Organizações criminosas

Gangue Fardada – Assim ficou conhecida uma organização criminosa que atuou em Alagoas nas décadas de 80 e 90, sob o comando de figuras políticas; atribui-se a “gangue fardada” os mais diversos crimes: assassinato, sequestro, extorsão, assalto a banco, roubo de cargas, entre outros delitos. Contudo são os crimes de encomenda, executados por policiais como forma de repressão a quem tentasse impedir os interesses políticos dos mandantes da “gangue fardada”, que mais repercutiram. Entre os policiais envolvidos destacam-se: ex-coronel Manoel Francisco Cavalcante (Acusado de liderar o grupo), tenente Silva Filho, cabo Cícero Felizardo (Cição), cabo Everaldo Pimentel (pai de Eloá Pimentel) e cabo Daniel de Oliveira.

Ninjas de União – Grupo de extermínio com atuação na zona da mata alagoana, formado na década de 90, por policias do 2º Batalhão da Polícia Militar do estado de Alagoas, se auto intitulavam como justiceiros, pois iniciaram em União dos Palmares uma série de matança de pessoas com reiteradas passagens policiais. Contudo foi no final da última década do século XX que o grupo ficou conhecido internacionalmente, quando desembarcou no Brasil a enviada da Organização das Nações Unidas (ONU) para assuntos relacionados a execuções sumárias, a Paquistanesa Asma Jahangir, que em seu relatório final sobre execuções sumárias no Brasil descreveu a atuação dos Ninjas de União na chacina de quatro jovens no Bairro Roberto Correia de Araújo em União dos Palmares. Este caso também é mencionado no Relatório Final da CPI da Pistolagem no Nordeste, que além deste caso, fez ainda um histórico dos crimes atribuídos ao grupo. São suspeitos de integrar o grupo: Soldado Eraldo Tadeu Vieira dos Santos, Soldado Fernando Gomes de Lima Filho, Soldado Sandro Jorge da Silva, Cabo Valdir, Tenente Antônio Batista Neto entre outros.

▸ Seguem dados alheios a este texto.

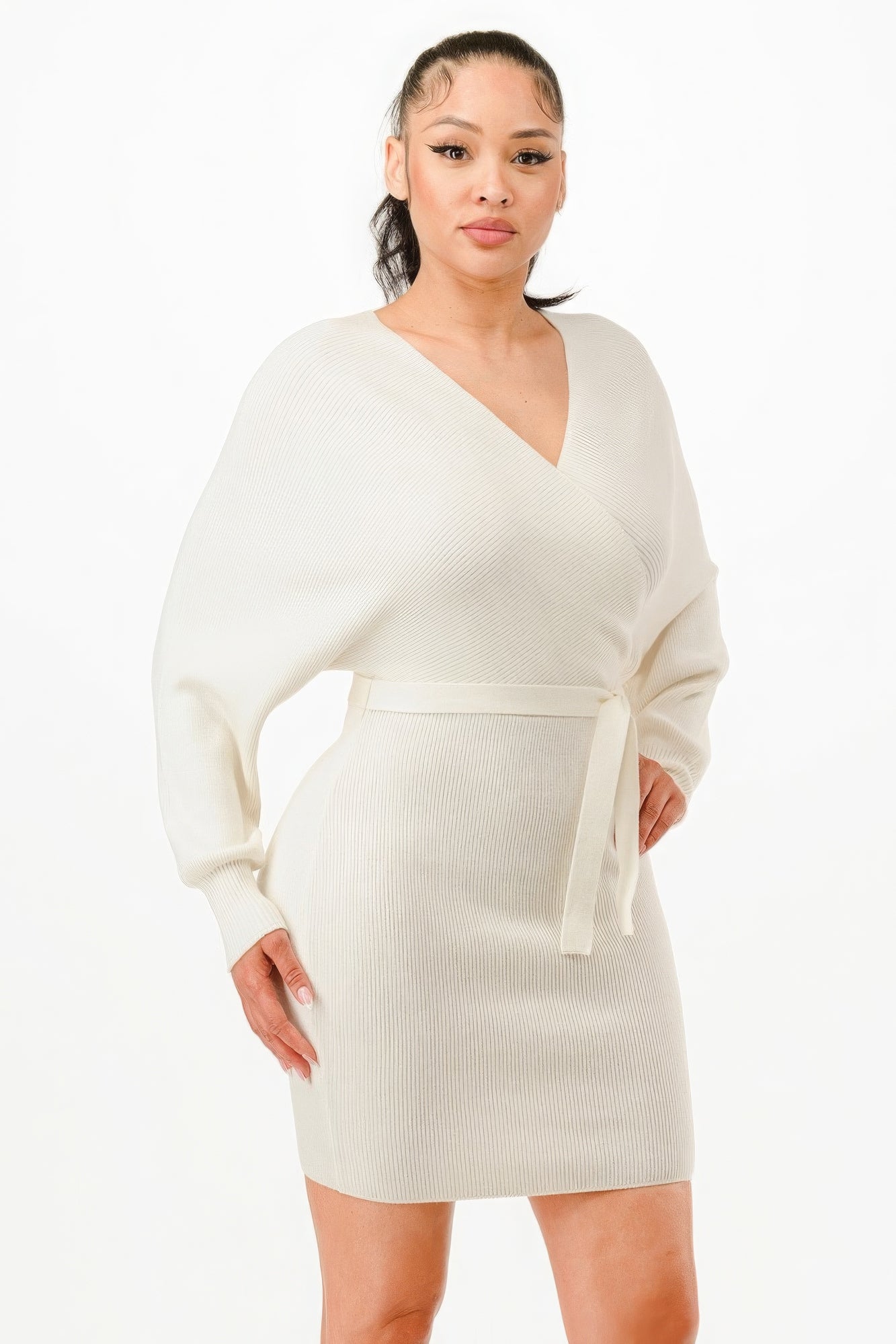 Off Shoulder Wrap Belted Ribbed Sweather Dress JoySkyBoutique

Este é o retrato de um estado onde a segurança pública nunca foi levada a sério, onde os interesses políticos sempre se sobressaíram aos interesses sociais. Um estado, onde nota-se a ausência de organizações criminosas, como é o caso de estados do sudeste brasileiro, a saber, Comando Vermelho, Primeiro Comando da Capital, entre outros. Por aqui, a sociedade teme, principalmente, os bandidos da lei, aqueles a quem se deve recorrer quando o cidadão é vítima.

Entretanto com o envolvimento tão arraigado de policiais com o crime organizado, aquém se deve recorrer? Nosso povo roga à “Padim Cíço” e continuam a crucificar Jesus Cristo: “aconteceu porque Deus quis”.